AIM OF THE EXERCISE>
From the data that follows, print exactly the lines starting at the one containing "Disney Women's MK2067 Mickey Mouse Black Dial Charm Watch Disney" and ending at the one containing "map of restaurants, bars, coffee"; include both of them and nothing more.

AVAILABLE RECORDS>
-.-.-

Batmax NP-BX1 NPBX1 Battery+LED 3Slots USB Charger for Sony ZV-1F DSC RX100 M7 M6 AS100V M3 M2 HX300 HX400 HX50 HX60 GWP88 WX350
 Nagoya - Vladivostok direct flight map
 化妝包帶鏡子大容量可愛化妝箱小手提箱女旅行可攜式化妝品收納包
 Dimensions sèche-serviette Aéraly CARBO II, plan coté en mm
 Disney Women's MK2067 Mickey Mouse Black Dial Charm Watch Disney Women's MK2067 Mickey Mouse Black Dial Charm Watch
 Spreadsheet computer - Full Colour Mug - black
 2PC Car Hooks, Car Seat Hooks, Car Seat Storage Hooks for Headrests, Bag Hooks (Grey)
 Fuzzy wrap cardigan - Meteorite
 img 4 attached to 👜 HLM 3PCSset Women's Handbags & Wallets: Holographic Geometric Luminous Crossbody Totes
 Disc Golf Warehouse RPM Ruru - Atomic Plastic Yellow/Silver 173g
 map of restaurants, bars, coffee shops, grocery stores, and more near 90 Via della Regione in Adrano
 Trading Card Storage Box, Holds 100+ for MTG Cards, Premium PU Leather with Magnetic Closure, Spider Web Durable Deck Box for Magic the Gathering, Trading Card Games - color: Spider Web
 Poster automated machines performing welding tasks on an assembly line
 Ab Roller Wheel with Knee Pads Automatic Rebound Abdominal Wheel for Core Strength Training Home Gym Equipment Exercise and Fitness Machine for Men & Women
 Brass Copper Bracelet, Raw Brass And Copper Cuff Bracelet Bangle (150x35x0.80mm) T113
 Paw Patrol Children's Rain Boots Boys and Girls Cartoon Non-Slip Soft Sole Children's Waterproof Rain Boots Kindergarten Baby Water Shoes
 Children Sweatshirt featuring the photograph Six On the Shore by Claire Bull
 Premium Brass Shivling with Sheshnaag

-.-.-

TASK ANSWER>
 Disney Women's MK2067 Mickey Mouse Black Dial Charm Watch Disney Women's MK2067 Mickey Mouse Black Dial Charm Watch
 Spreadsheet computer - Full Colour Mug - black
 2PC Car Hooks, Car Seat Hooks, Car Seat Storage Hooks for Headrests, Bag Hooks (Grey)
 Fuzzy wrap cardigan - Meteorite
 img 4 attached to 👜 HLM 3PCSset Women's Handbags & Wallets: Holographic Geometric Luminous Crossbody Totes
 Disc Golf Warehouse RPM Ruru - Atomic Plastic Yellow/Silver 173g
 map of restaurants, bars, coffee shops, grocery stores, and more near 90 Via della Regione in Adrano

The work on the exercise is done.